Other People’s Business: Part of a Teacher’s Daily Schedule?

Jacob, on his trip to Haran, makes a type of deal with the Almighty.  He says that if G0d will protect him, provide him with his needs, and safely return him to his homeland, he will rededicate himself to God.  He then adds two specifics.  He will establish what he calls a House of God – an academy of spiritual study, and he will tithe everything that G0d gives him – he will give tzedakah.   It is understandable that Jacob’s feelings of gratitude would lead him to teach people about and promote the Almighty.  What place, however, does tzedakah have here?  Showing kindness towards others is certainly noble and commendable, but what specific role does it play in this situation?

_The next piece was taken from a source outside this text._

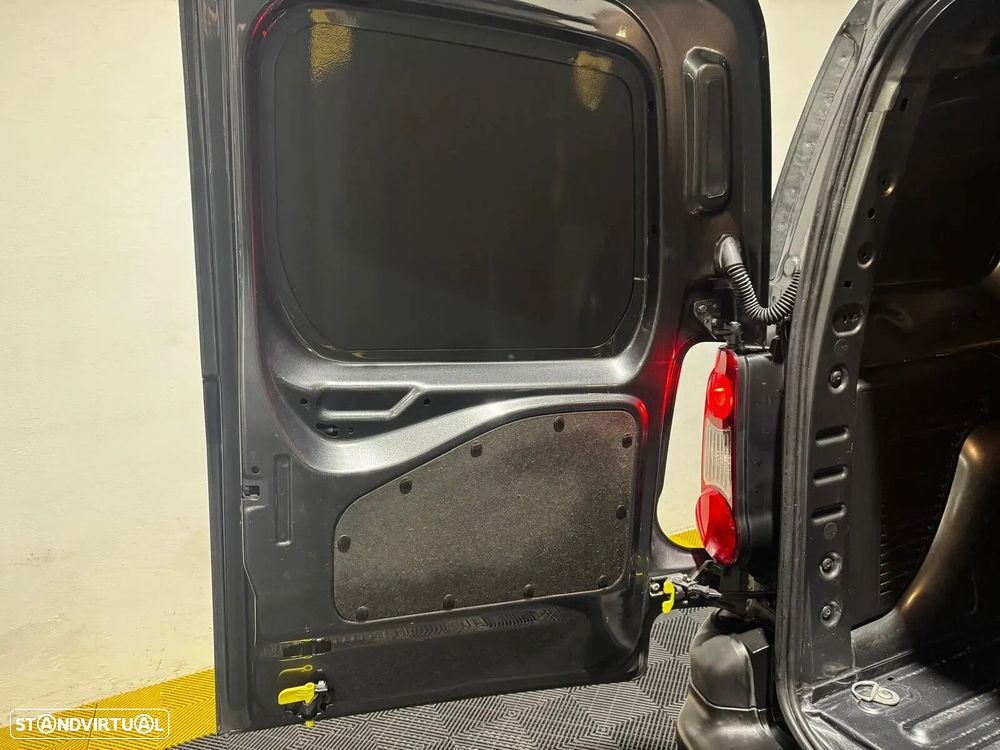 Citroën Berlingo 1.6 BlueHDi XTR - 16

Rabbi Moshe Feinstein, one of the most outstanding Torah scholars of contemporary history, explains that the success and very legitimacy of Jacob’s proposed academy would be dependent on its dean and sole teacher’s ability to consistently and personally involve himself in helping others.  According to this remarkable explanation of Jacob’s commitment to God, Jacob knew that an academy would be of no use if his involvement with the study and transmission of his profound spiritual legacy would prevent him from active involvement in alleviating the plight of the needy and destitute.  Jacob’s important and powerful lesson is that a Jewish teacher must be much more than a mere transmitter of information, of knowledge or even of understanding.  He or she must also be a real-life example and model of how to live.  A life that shows no care and concern for others, even if it is full of truly lofty and righteous spiritual study, is a model that will teach a flawed lesson.  That is why Jacob knew he must commit himself to tzedakah along side his commitment to disseminate wisdom.